Graphique 4 : Evolution des indications de prix sur le marché de gros en 2022 (€/MWh)
Les facteurs déterminants de la demande pour 2023
La demande a toujours augmenté d’une année à l’autre à l’échelle de la zone AIB. Celle-ci devrait logiquement poursuivre sa hausse en 2023. Des prix élevés vont-ils freiner les entreprises qui subissent déjà la crise énergétique et l’inflation ? Pour le moment nous constatons que celles-ci poursuivent leurs engagements, notamment les membres du RE100. Nous pouvons néanmoins observer qu’il est possible pour certaines entreprises de jouer sur la flexibilité de leur trajectoire vers une couverture à 100% par des GO.

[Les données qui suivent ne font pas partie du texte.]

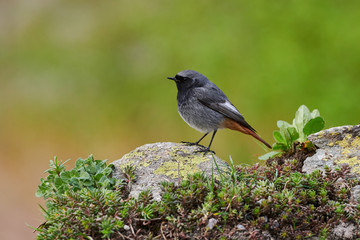 Small bird on a rock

Certaines décisions politiques et réglementaires ont un effet immédiat sur l’équilibre offre/demande de l’année 2023 ainsi que pour la suite. Cette année il sera possible en France d’émettre des GO nucléaires. Le décret est attendu pour l’été 2023. Autre changement, le Royaume-Uni, traditionnel gros importateur de GO, quitte le marché au 1er avril 2023 à la suite de sa sortie de l’Union européenne. Enfin et surtout, le le GHG Protocol met en doute la reconnaissance des GO comme moyen de réduction de l’empreinte carbone dans sa méthodologie. Et cela sera certainement un frein à la demande émanant des entreprises. Cette erreur de communication de la part du GHG Protocol a pour effet de ralentir la trajectoire d’entreprises vers l’atteinte d’une consommation électrique 100% décarbonée. En effet, la réduction de l’empreinte carbone est le principal moteur de la demande volontaire pour des GO.
Les facteurs déterminants de l’offre pour 2023
L’année 2022 a-t-elle été en déficit de GO ? Il semble que la consommation électrique de 2022 a été couverte. Le volume de 2022 restant peut aussi satisfaire des besoins relatifs à la consommation 2023 dans certains pays d’Europe. Il y a donc eu un excédent en 2022 malgré la sécheresse.
Concernant la production 2023, la nouvelle sécheresse de février n’est pas de bon augure pour la production hydraulique. Néanmoins, nous observons un retour à la normal des conditions climatiques au cours du mois de mars. De plus, la puissance installée éolienne et photovoltaïque est toujours en hausse. Cela devrait permettre une production croissante de GO en 2023, si les conditions météorologiques s’y prêtent.
Au cours de l’année 2022 le monde économique a clairement exprimé son adhésion au système des Garanties d’Origine ainsi que son envie de contribuer à l’effort financier nécessaire à la transition énergétique du réseau électrique. L’année 2023 est une année charnière où le scénario d’un prix de la GO avoisinant 10€/MWh est aussi crédible qu’un retour du prix vers le coût marginal de l’émission d’une GO. La demande semble en croissance mais le potentiel d’émission de GO pourrait s’avérer suffisant pour la satisfaire. Pour espérer maintenir un marché dynamique, il est nécessaire que la demande volontaire des consommateurs soit soutenue par des réglementations et standards internationaux élégantes et incitatives. Les regards sont tournés vers le GHG Protocol.
[1] Source : Ember retraitée par Origo (périmètre AIB)
[2] Légère baisse de 1% de la production EnR entre 2021 et 2022 dans la zone AIB (source : Ember retraitée par Origo)
[3] L’AIB est l’ensemble des teneurs de registre européens de Garanties d’Origine. L’activité liée au Royaume-Uni, et de certains pays de l’UE, ne sont donc pas inclus dans les chiffres.